Cameron Cloud, BS Center for Computational and Genomic Medicine, The Children's Hospital of Philadelphia, Philadelphia, PA, USA Department of Bioengineering, University of Pennsylvania, Philadelphia, PA, USA Benjamin Steinberg, BS Department of Biotechnology and Food Engineering, Technion - Israel Institute of Technology, Haifa, Israel Tzachi Reizel, PhD Department of Biotechnology and Food Engineering, Technion - Israel Institute of Technology, Haifa, Israel Wanding Zhou, PhD Center for Computational and Genomic Medicine, The Children's Hospital of Philadelphia, Philadelphia, PA, USA Department of Pathology and Laboratory Medicine, University of Pennsylvania, Philadelphia, PA, USA


Cell-type-specific DNA methylation patterns encode cell identity and are largely preserved over mitotic divisions across the organism's lifespan. These patterns have shown strong potential as diagnostic markers in cancer.
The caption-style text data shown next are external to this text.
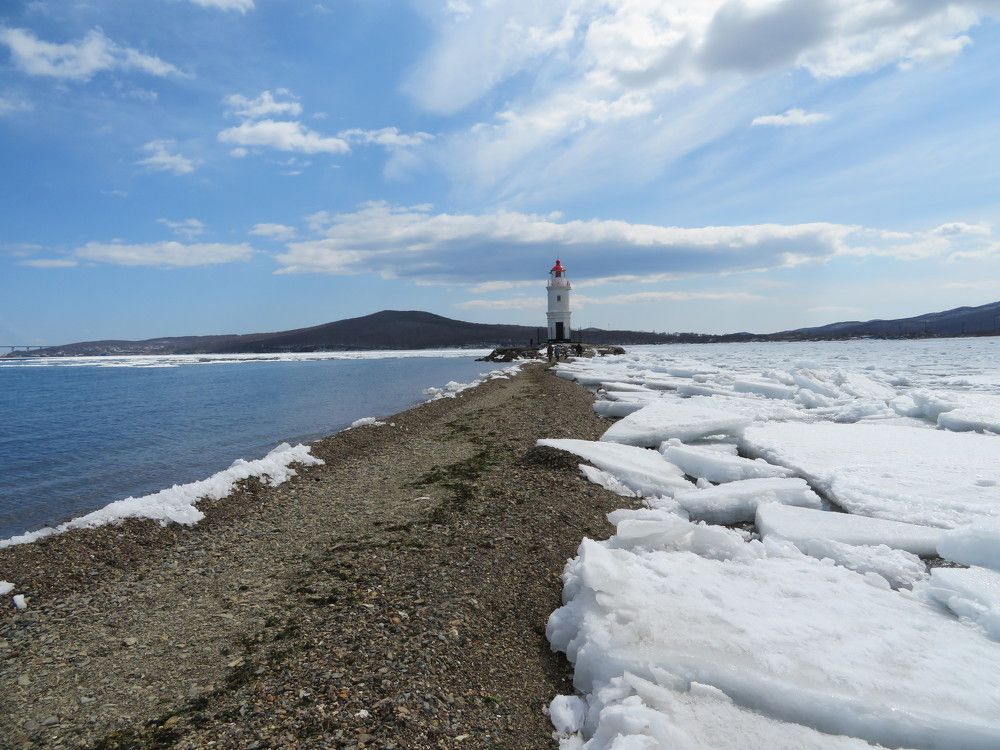 Токарёвская кошка.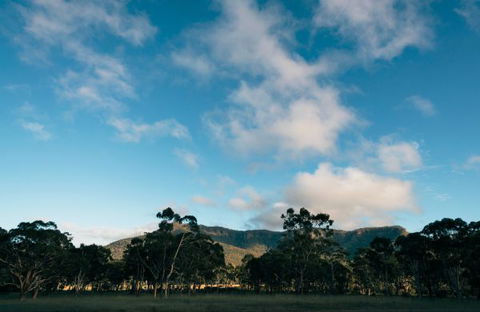 Werriberri - C Tourism 2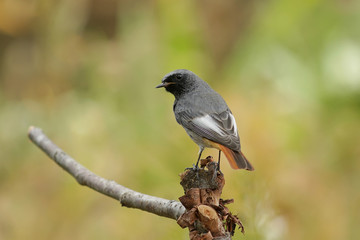 Горихвостка-чернушка.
However, DNA methylation is also plastic, dynamically remodeled in development and diseases, including cancer, due to interaction with genetic, cellular, and environmental factors. Despite wide utilities, a unified and quantitative framework for assessing the stability of cell-identity-defining methylation signatures during tumorigenesis is lacking. Here, we systematically quantified the extent to which the DNA methylation-based definitions of cell identity, as established in healthy tissue, are maintained or disrupted in 300+ human cancer types. We found that cell-type-specific methylation signatures are remarkably stable across diverse cancer types, including metastatic lesions and tumors harboring mutations in epigenetic regulators. While signature erosions were common, particularly in in-vitro cell lines, complete loss in primary tumors was rare and often pointed to mischaracterized or ambiguous cells of origin. Our findings deepen the understanding of epigenetic maintenance in cancer and guide the development of more robust methylation-based cancer diagnosis.